Torino, 28 febbraio 2013 - E’ stata ridotta a dieci anni, nel processo d’appello a Torino, la pena per l’amministratore delegato della Thyssenkrupp, Herald Espenhahn, per il rogo che nel 2007 costò la vita a sette operai. Secondo la prima sezione della Corte di Assise, infatti, non fu omicidio volontario, che in primo grado era valso a Espenhahn 16 anni e mezzo di carcere.

La Corte, presieduta dal giudice Giangiacomo Sandrelli, ha ridotto le pene anche agli altri cinque imputati. Raffaele Salerno, responsabile dello stabilimento, è stato condannato a 8 anni e mezzo. Gerald Priegnitz, membro del comitato esecutivo dell’azienda e il dirigente Marco Pucci a 7 anni. Per il responsabile della sicurezza Cosimo Cafueri i giudici hanno ridotto la condanna a 8 anni; per lui i pm Raffaele Guariniello, Laura Longo e Francesca Traverso avevano chiesto di ridurre la pena inflitta in primo grado a 10 anni. Il dirigente Daniele Moroni è stato condannato a 9 anni. In primo grado erano stati condannati a pene comprese tra i 10 anni e 10 mesi e i 13 anni e mezzo di reclusione.

Inoltre è stato disposto il dissequestro della linea 5 dello stabilimento di Torino, quella in cui la notte del 6 dicembre divampò l’incendio, che verrà restituita all'azienda. La ThyssenKrupp Ast ha già annunciato che intende ricorrere "n Cassazione per ottenere il pieno riconoscimento delle tesi difensive presso la Suprema Corte".

GUARINIELLO - "Al di là del mancato riconoscimento del dolo eventuale resta una sentenza storica: quello che conta e’ che mai in Italia sono state date pene così alte per un incidente sul lavoro", è stato il commento del pm Raffaele Guariniello dopo la lettura della sentenza. "E’ vero - ha aggiunto - l’aspetto storico legato al dolo è venuto meno. Noi comunque porteremo avanti questa tesi nel prossimo grado di giudizio".

LA RABBIA DEI FAMILIARI - Al termine della lettura della sentenza, in Aula è esplosa la rabbia tra i parenti delle vittime. "Vergognatevi, maledetti", "Bastardi, fate schifo": hanno gridato i familiari. Lacrime, urla e si è quasi sfiorata la rissa con un avvocato.

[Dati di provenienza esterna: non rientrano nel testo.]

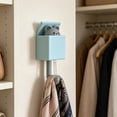 thumbnail image 4 of Retractable Wall Hook with Kawaii Peeking Cat Design, No Drill Decorative Hook for Keys Towels in Bathroom Kitchen, 4 of 6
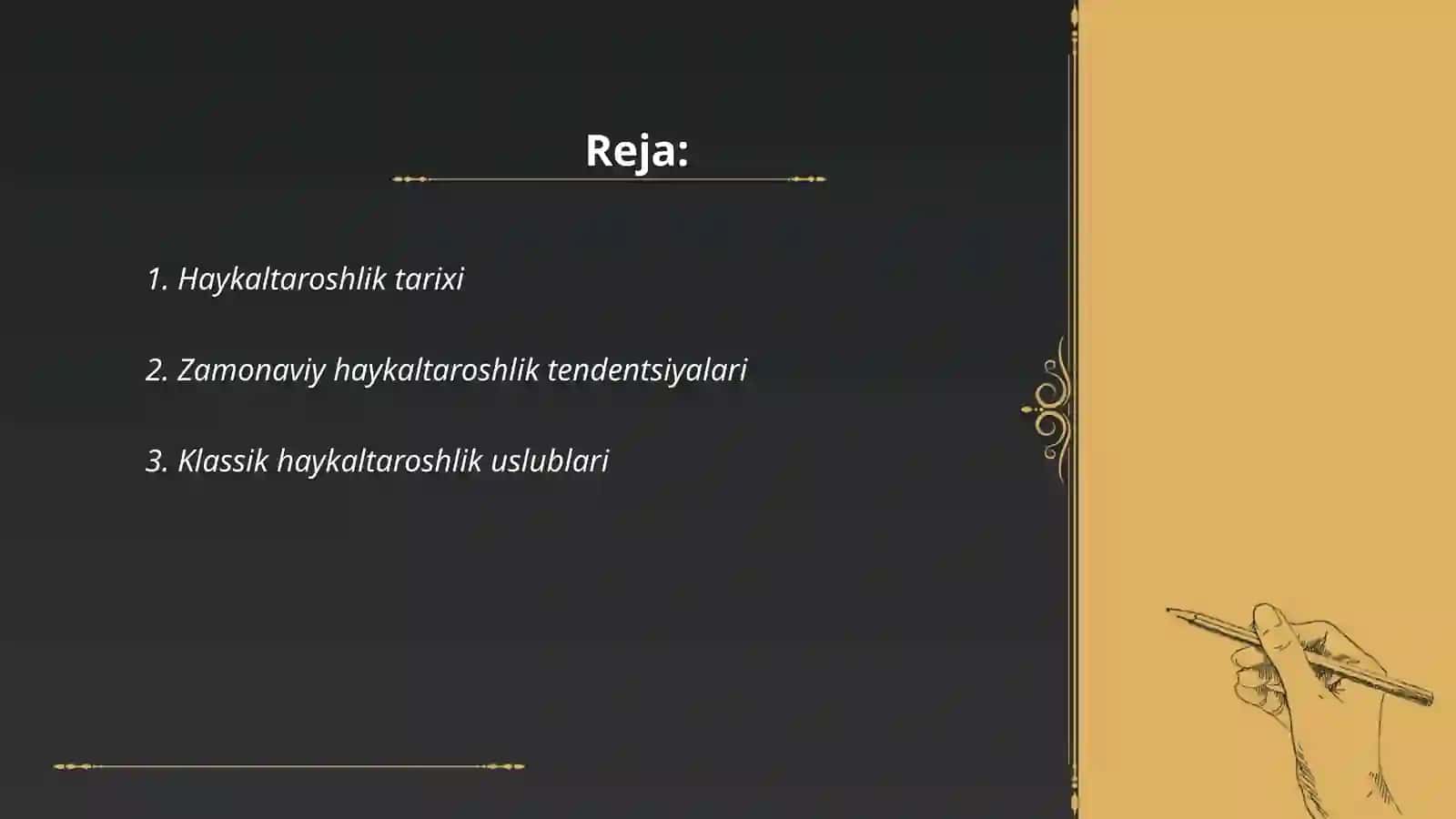 Haykaltaroshlik, grafika sanʼati 2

"Non accetteremo mai questa sentenza. Hanno ammazzato di nuovo i nostri figli con questa sentenza", ha detto una delle madri che hanno occupato l’aula dopo la sentenza d’appello. Rosina Platì, madre di una delle vittime, il 27enne Giuseppe Demasi, ha chiesto: "Vogliamo incontrare il ministro della giustizia. Se non verrà, andremo noi dal Presidente Napolitano. Non capiamo perché siano state ridotte le pene - aggiunge - non è emerso nessun elemento nuovo durante il secondo grado".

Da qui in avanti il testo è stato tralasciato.